# New 1DX and 24-70L II lose their cherries together (1st shot)



## Sitting Elf (Oct 7, 2012)

This is the very *first *click out of my new 1DX and new 24-70L II. Sigh... no longer virgins! 
No changes to menus. Just put on the lens, went outside, turned the camera on, aimed and shot. (Just wanted to see what came out)

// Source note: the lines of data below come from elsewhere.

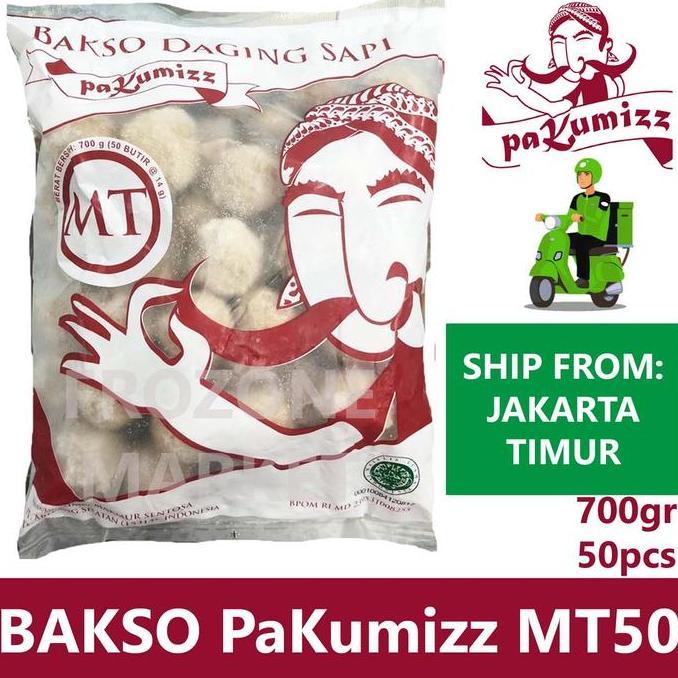 Food- Pakumizz Bakso Daging Sapi Mt Isi 50 Pcs @14G (700G) Baso Pak Kumis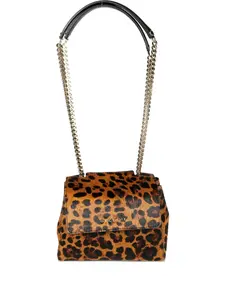 Сумка Sveva XS с леопардовым принтом и цепочкой Orciani, коричневый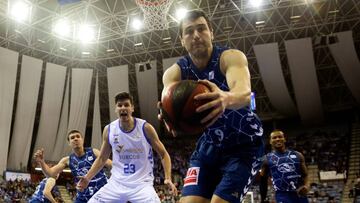 GRAF6322. San Sebastián, 10/11/2018.- El pivot montenegrino del Delteco GBC, Blagota Sekulic (d), captura un rebote ante el jugador serbio del San Pablo Burgos, Goran Huskic, durante el encuentro correspondiente a la fase regular de la liga ACB disputado en el Donostia Arena de San Sebastián. EFE/Javier Etxezarreta.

Pretty impressed with result. Now to have fun with the menu's. That will be exciting... maybe!
Camera came back with f/7.1, 1/400, 160 ISO


----------



## cpsico (Oct 7, 2012)

Looks like a match made in heaven!


----------



## Menace (Oct 10, 2012)

I'm sure you'll cherish this moment for years to come  

Congrats


----------



## wickidwombat (Oct 10, 2012)

there isnt enough dynamic range...
you should have bought a nikon so you could pull 18 stops out of those shadows


----------



## PeterJ (Oct 10, 2012)

Sitting Elf said:


> Camera came back with f/7.1, 1/400, 160 ISO


Sounds like first shot in green box mode, hope you don't break in everything without more loving care


----------



## mrmarks (Oct 10, 2012)

Congrats, you lucky guy!


----------



## Canon-F1 (Oct 10, 2012)

my casio Z50 does as good....


----------



## Marsu42 (Oct 10, 2012)

Canon-F1 said:


> my casio Z50 does as good....



... not if the statue is moving really fast and in unpredictable ways, that's when the fast af of the non-IS lens and the stellar tracking capabilities of the body can show what they can do :-> ... no, really, I'm just envious, if the op has fun with that gear it's absolutely fine by be.


----------



## rpt (Oct 10, 2012)

wickidwombat said:


> there isnt enough dynamic range...
> you should have bought a nikon so you could pull 18 stops out of those shadows


LOL! As though we are short on threads that quickly meander over to such topics.


----------



## Diko (Oct 10, 2012)

Congrats... if you decide to throw that devine equipment any soon... let me know


----------



## tron (Oct 10, 2012)

rpt said:


> wickidwombat said:
> 
> 
> > there isnt enough dynamic range...
> ...


Also, you should have photographed your lens cap ;D


----------



## AudioGlenn (Oct 10, 2012)

man... gear envy 8)


----------



## neuroanatomist (Oct 10, 2012)

rpt said:


> wickidwombat said:
> 
> 
> > there isnt enough dynamic range...
> ...



Not even remotely! Because Australia, as everyone knows, is entirely peopled with criminals, and criminals are used to having people not trust them, as you are not trusted by me, so I can clearly not help but bring up the fact that while Sitting Elf is enjoying his new gear, for now, soon DxOMark will release their Overall Score for the 1D X, and that will surely cause him to want to get so slobbering drunk, he can't even buy brandy.


----------



## Jamesy (Oct 10, 2012)

You have Statues in your backyard?


----------



## Sitting Elf (Oct 10, 2012)

Yeah.. we have a few. The one pictured is about 2 feet tall. Took the shot at ground level.
My wife likes the little statues around!


----------



## K-amps (Oct 10, 2012)

Congrats Elf.... liking this better than your 7D?


----------



## Jamesy (Oct 10, 2012)

Sitting Elf said:


> Yeah.. we have a few. The one pictured is about 2 feet tall. Took the shot at ground level.
> My wife likes the little statues around!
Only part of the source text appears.